# [Brief]
Return nothing but the lines from the one containing "FC Internazionale Milano" through the end of the records below, exactly as they stand and without pictures.

▼

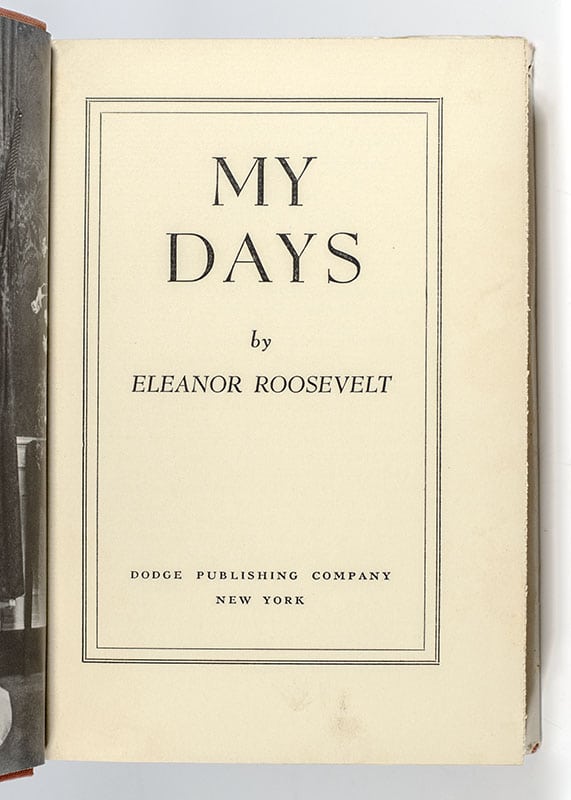 My Days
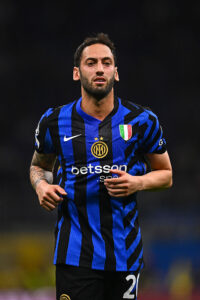 FC Internazionale Milano v FC Barcelona - UEFA Champions League 2024/25 Semi Final Second Leg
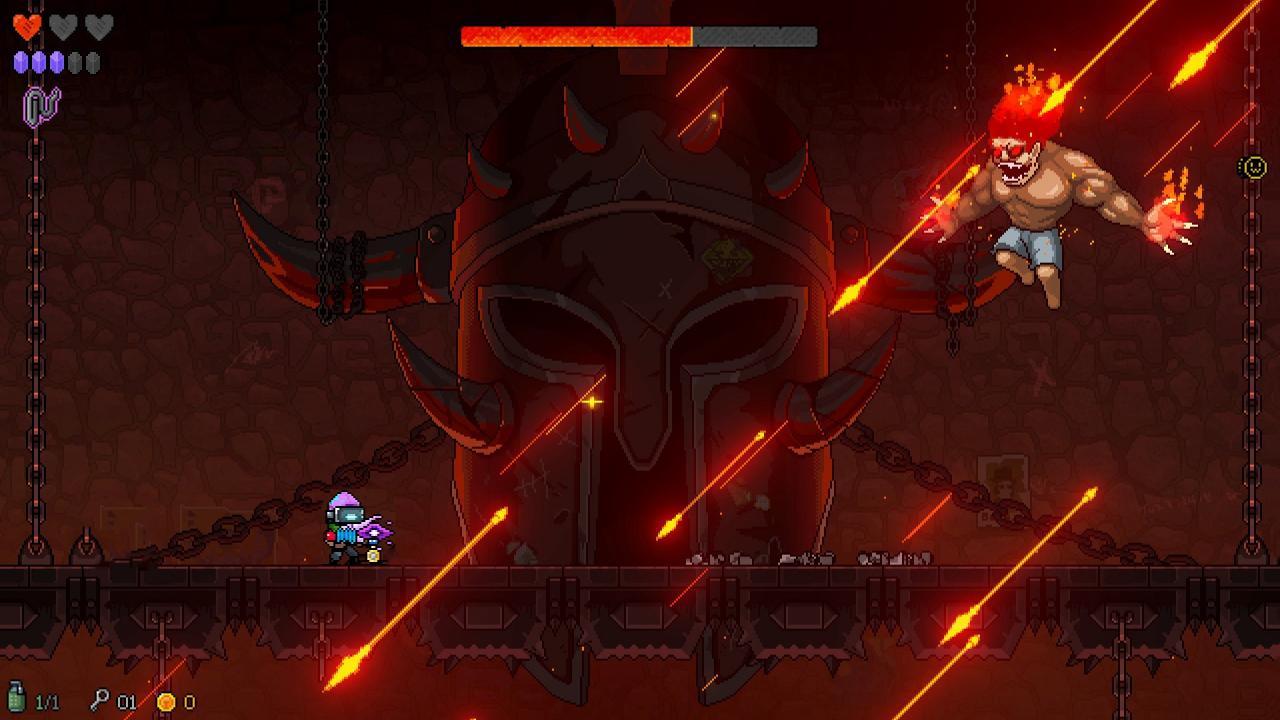 Screen Shot image 5 Neon Abyss اصدار الديلوكس اوروبي ستيم كود رقمي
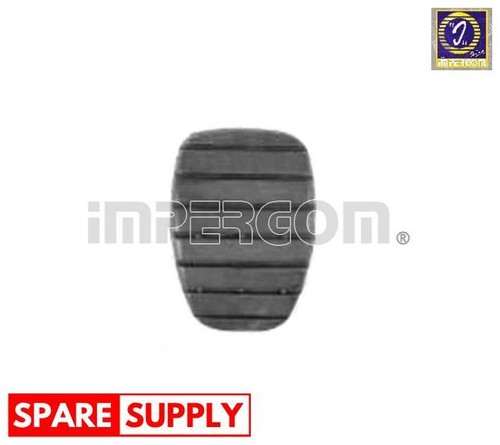 Brake pedal pad for renault - brake,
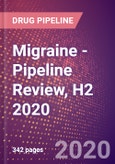 Migraine - Pipeline Review, H2 2020- Product Image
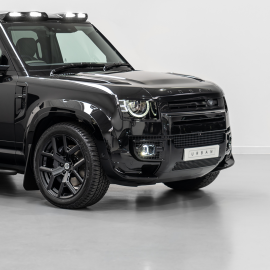 Defender 2020 - 90/110/130 -  DRL intakes - Including Nolden Square Drl's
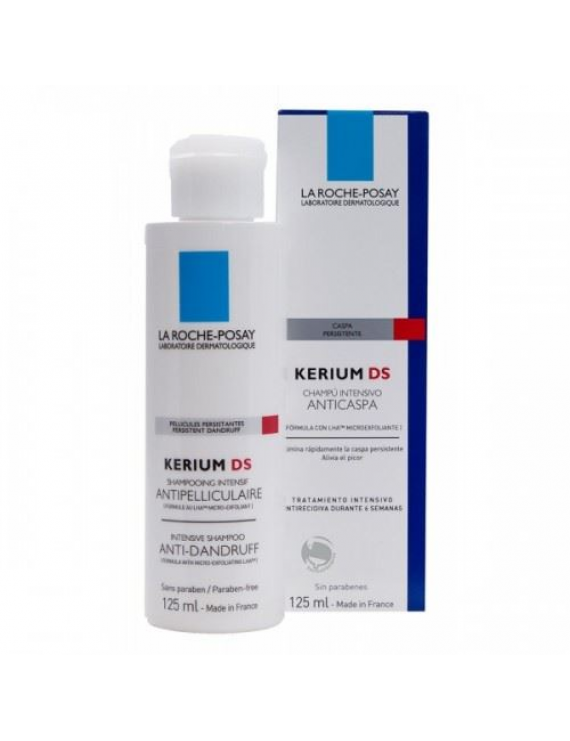 La Roche-Posay Kerium DS Shampoo 125ml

▲

# [Solution to this problem]
 FC Internazionale Milano v FC Barcelona - UEFA Champions League 2024/25 Semi Final Second Leg
 Screen Shot image 5 Neon Abyss اصدار الديلوكس اوروبي ستيم كود رقمي
 Brake pedal pad for renault - brake,
 Migraine - Pipeline Review, H2 2020- Product Image
 Defender 2020 - 90/110/130 -  DRL intakes - Including Nolden Square Drl's
 La Roche-Posay Kerium DS Shampoo 125ml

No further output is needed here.